(Brief descriptive captions)

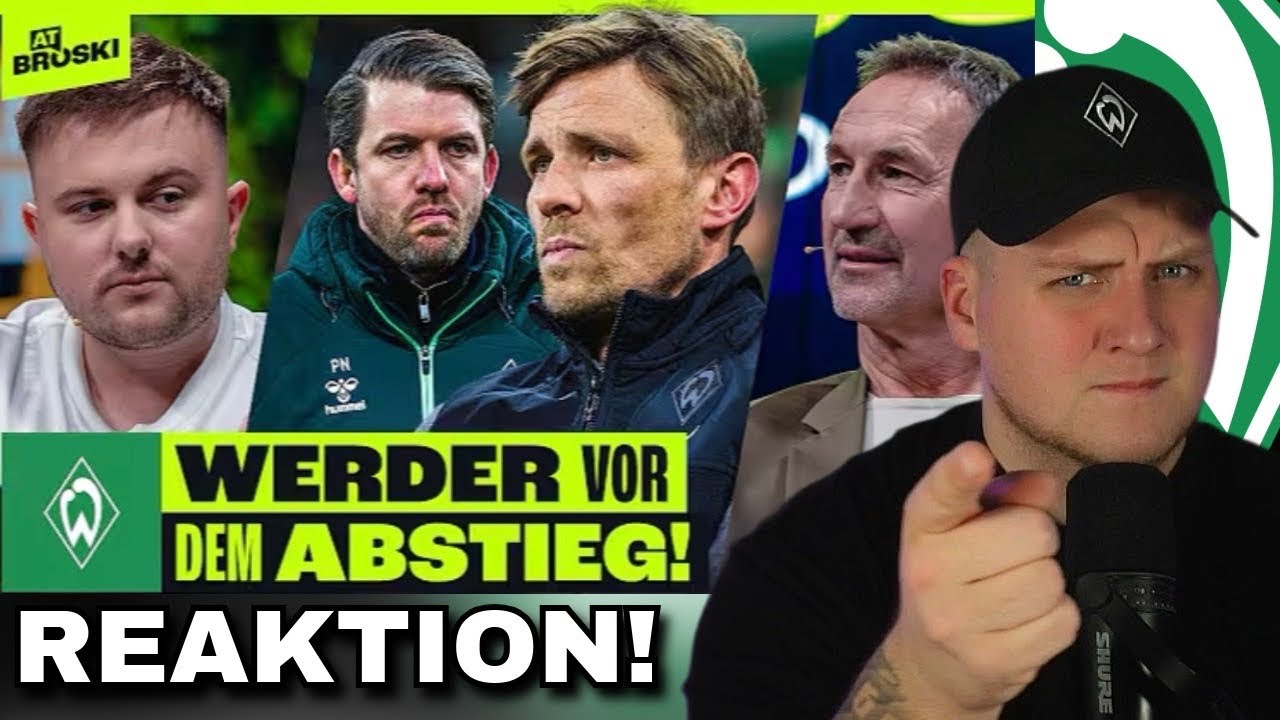 BREMEN vor dem ABSTIEG! 🚨 THIOUNE ohne CHANCE? | Reaktion auf @At Broski - Die Sport Show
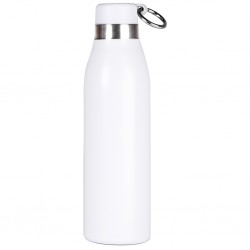 THERMO 500 ML CON DOPPIA PARETE ISOLANTE IN ACCIAIO INOX Bianco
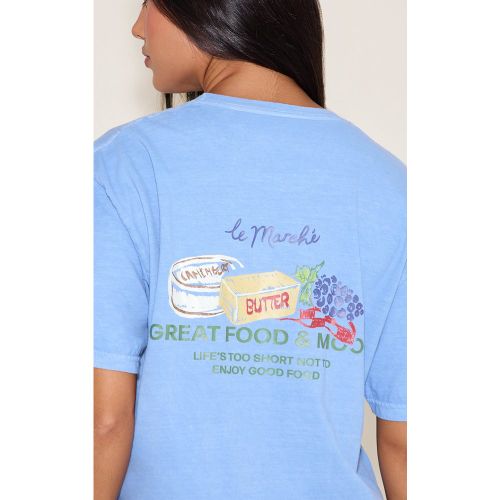 T-shirt oversize graphique Marché alimentaire | Taille Large - PrettyLittleThing - Modalova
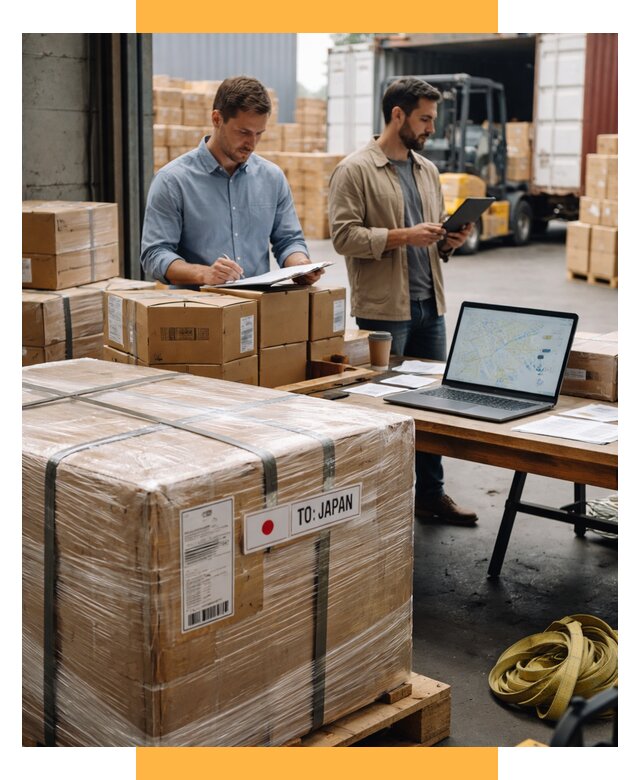 Доставка грузов в Японию от 25775 р., логистика СетСервис-Крж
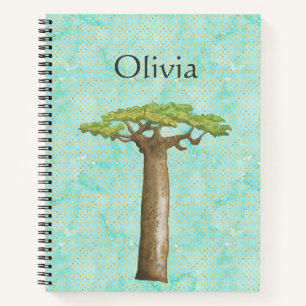 Waterverf Baobab Tree Notitieboek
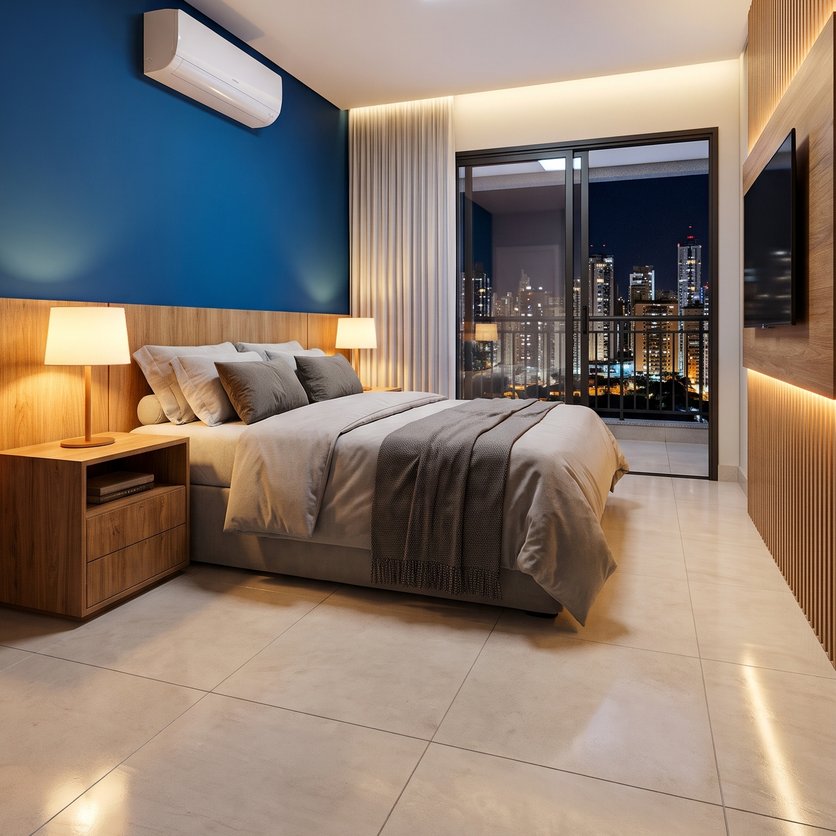 Mid-century bedroom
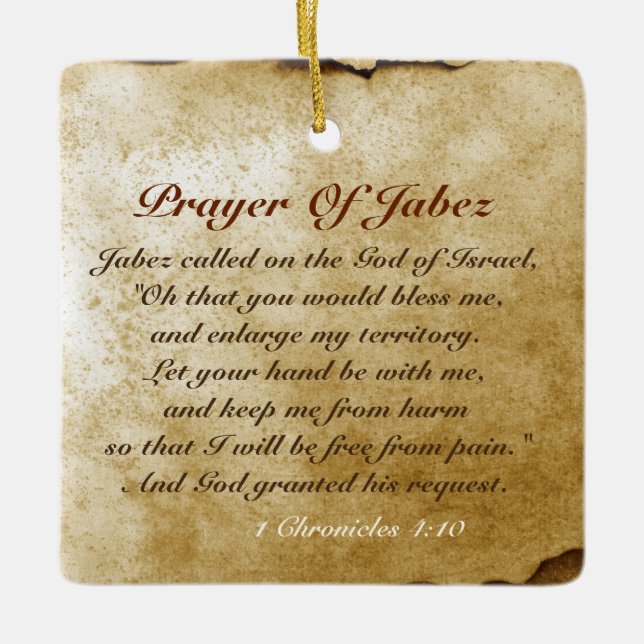 Prayer of Jabez Bible Verse Personalized Ornament (Front)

- **Exercise goal**: Each line above should be set down exactly as written, with pictures excluded.

- **Solved problem**:
 BREMEN vor dem ABSTIEG! 🚨 THIOUNE ohne CHANCE? | Reaktion auf @At Broski - Die Sport Show
 THERMO 500 ML CON DOPPIA PARETE ISOLANTE IN ACCIAIO INOX Bianco
 T-shirt oversize graphique Marché alimentaire | Taille Large - PrettyLittleThing - Modalova
 Доставка грузов в Японию от 25775 р., логистика СетСервис-Крж
 Waterverf Baobab Tree Notitieboek
 Mid-century bedroom
 Prayer of Jabez Bible Verse Personalized Ornament (Front)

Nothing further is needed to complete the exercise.